"Prisoners" : Deux filles disparaissent

Denis Villeneuve réussit son passage à Hollywood sans perdre son âme. Rare…

Alain Lorfèvre
"Prisoners" : Deux filles disparaissent

Deux familles fêtent Thanksgiving, dans la banlieue de Boston. Les parents traînent dans le salon, les ados dans une chambre, les deux fillettes jouent. Arrive la fin de la journée. Ces dernières sont introuvables…

"Prisoners" a tous les attributs du thriller : enlèvement d’enfant, familles déchirées, un flic solitaire, instinctif et obstiné, deux suspects troubles… Devant une autre caméra, cela n’aurait été qu’un (bon) film noir de plus. Comme au début d’"Incendies", adaptation éblouissante de la pièce de théâtre de Wajdi Mouawad, nommé à l’oscar du meilleur film étranger en 2012, les premières images de "Prisoners" campent d’emblée une ambiance qui enveloppe le spectateur. Le Canadien Denis Villeneuve confirme qu’il est un authentique cinéaste, en ce sens qu’il est doté d’une vision, d’un point de vue.

Tout en assumant la dimension fictive et dramatique de son scénario, il le teinte d’un réalisme saisissant. Impossible, surtout en Belgique, que le souvenir d’un fait divers authentique ne vienne pas à l’esprit. Ce trait distinctif situe "Prisoners" dans la continuité des œuvres précédentes du réalisateur. Dans "Polytechnique" (2009) et "Incendies", déjà, le réalisateur prenait le parti de la fiction pour revisiter des marronniers de nos journaux télévisés (une tuerie dans un lycée, une guerre civile au Proche-Orient).

Ici, ce fait divers si commun, si passionnel, lui permet d’interroger la pulsion de justice et de vengeance, tout aussi banalisée. On ose même voir dans le personnage d’Hugh Jackman (patriote assumé et crypto-milicien) une métaphore de l’Amérique "post-11 Septembre", où la fin justifie les moyens, jusqu’au recours à la torture, abordée ici sans détour (mais sans voyeurisme). Le réalisateur évite tout manichéisme, dans un sens comme dans l’autre, au profit de la subtilité et de la nuance. Le titre donne la grille de lecture : chaque personnage est prisonnier de la situation, de son rôle, de ses émotions, de son ou de ses croyances. "Prisoners", s’il remplit son contrat de thriller à suspense, offre aussi une fine exploration psychologique des deux figures d’autorité par excellence : le père et le flic. Et ces piliers de la société n’ont plus confiance en elle, pas plus que l’un en l’autre.

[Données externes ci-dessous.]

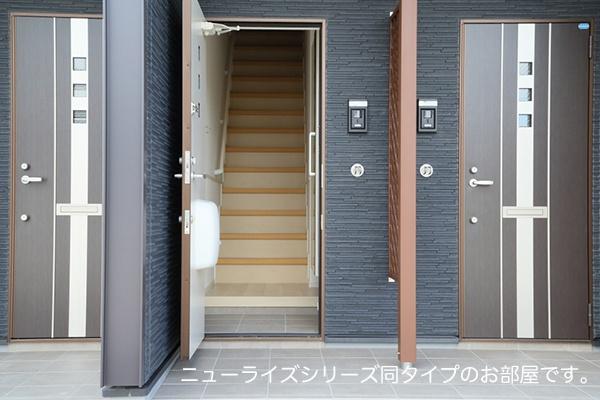 甲府市上今井町のアパート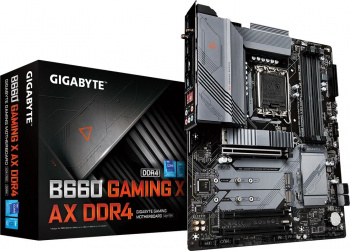 Материнская плата Gigabyte B660 GAMING X AX DDR4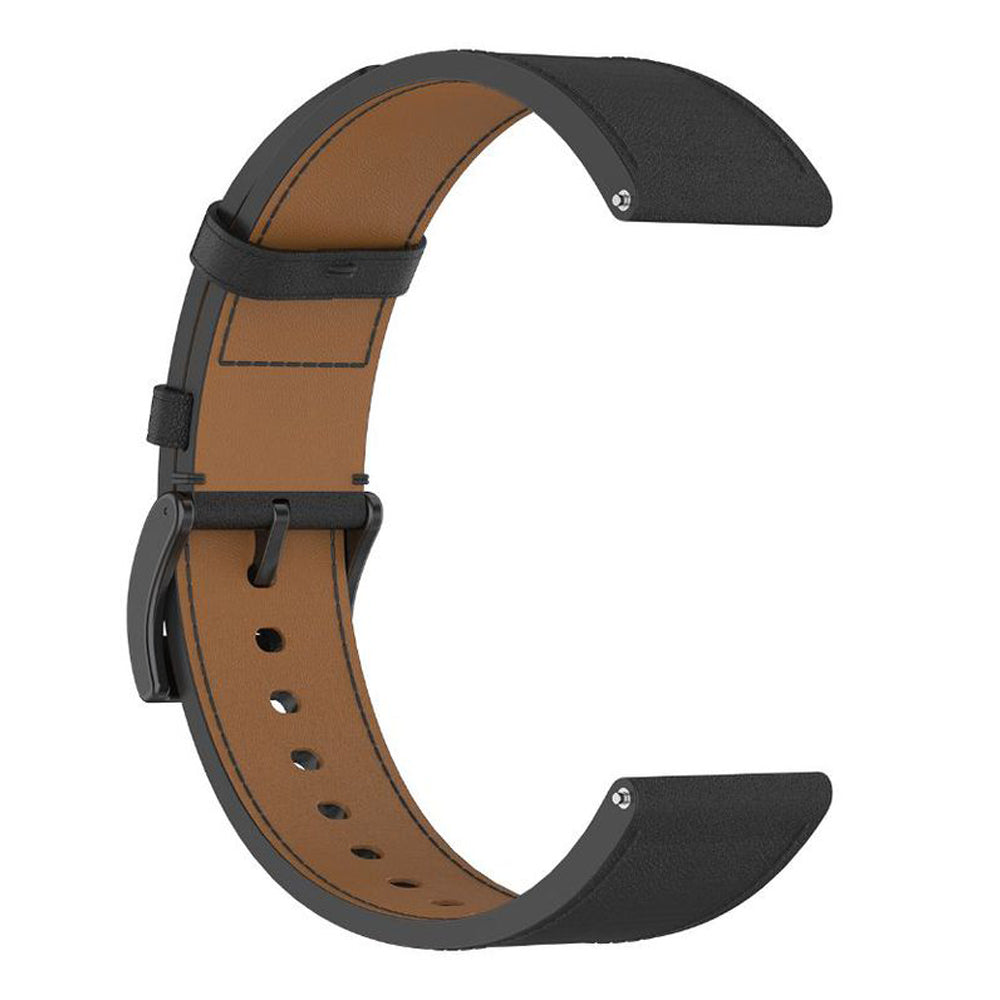 Λουράκι Techsuit W073 για Samsung Galaxy Watch / Huawei Watch Series, 22mm, Μαύρο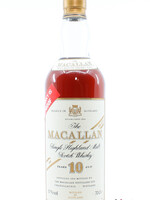 The Macallan Macallan 10 Years Old - Sherry Wood - "This Whisky is 100 Proof" 57%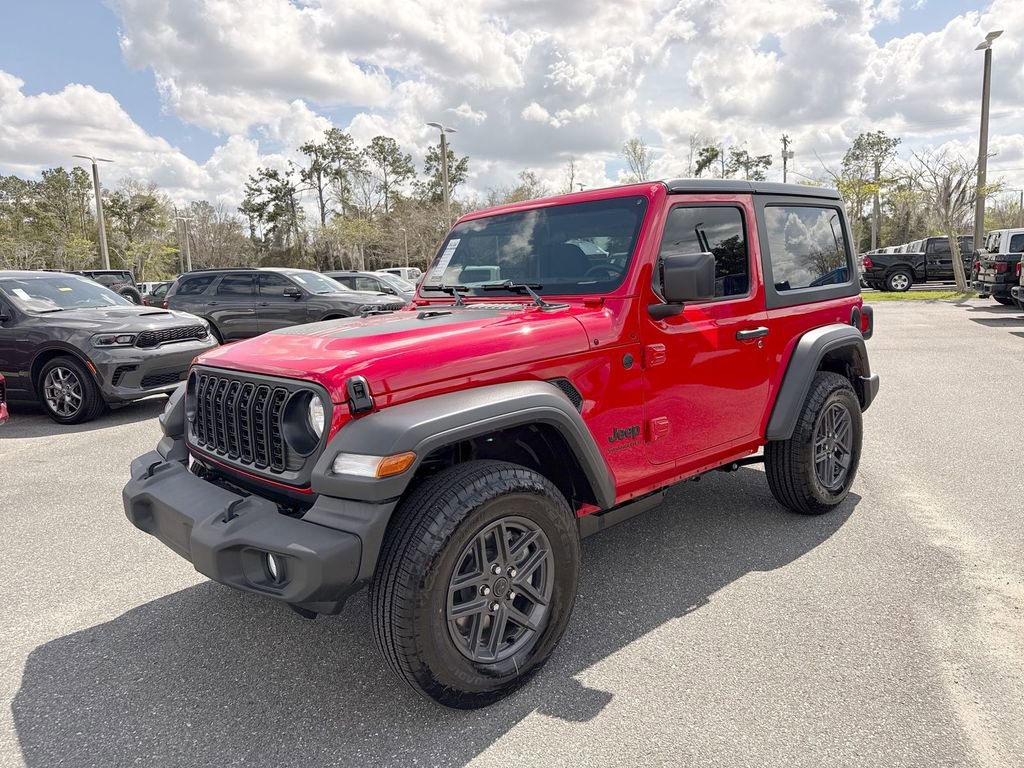 New 2026 Jeep Wrangler Sport AWD/4WD image 6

La forme est à la hauteur des ambitions du réalisateur : sens du cadre, de la lumière, décors d’un triste réalisme, direction d’acteurs sans concession… Hugh Jackman et Jake Gyllenhaal en sortent gagnants, retrouvant des rôles dignes de leur talent. Fait révélateur (et rare pour des acteurs de leur notoriété) : on les oublie au profit de leur personnage. S’il est impeccable, aussi, Paul Dano est, par contre, dans un registre déjà plus familier - donc prévisible. L’interaction des parents et des enfants brosse de quelques traits sûrs le caractère de chacun. Avec une narration à nouveau ample, Villeneuve embrasse plusieurs points de vue, s’attarde sur un arc narratif puis l’autre. Mais il n’égare jamais le spectateur. Certains personnages pourront disparaître plus d’une demi-heure, mais à leur retour, on ne les aura pas oubliés, tant Villeneuve parvient à les caractériser avec brio.

Au final, Denis Villeneuve évite l’artificialité du commun des thrillers commerciaux, pour réussir haut la main son examen d’entrée hollywoodien avec un film à même de convaincre autant le grand public que les cinéphiles exigeants. Qu’il ait déjà trouvé le temps de boucler "An Ennemy" avec le même Gyllenhaal ne peut que réjouir…

Alain Lorfèvre

 PrisonersRéalisation : Denis Villeneuve. Scénario : Aaron Guzikowski. Avec Hugh Jackman, Jake Gyllenhaal, Maria Bello, Terrence Howard, Paul Dano,… 2h26.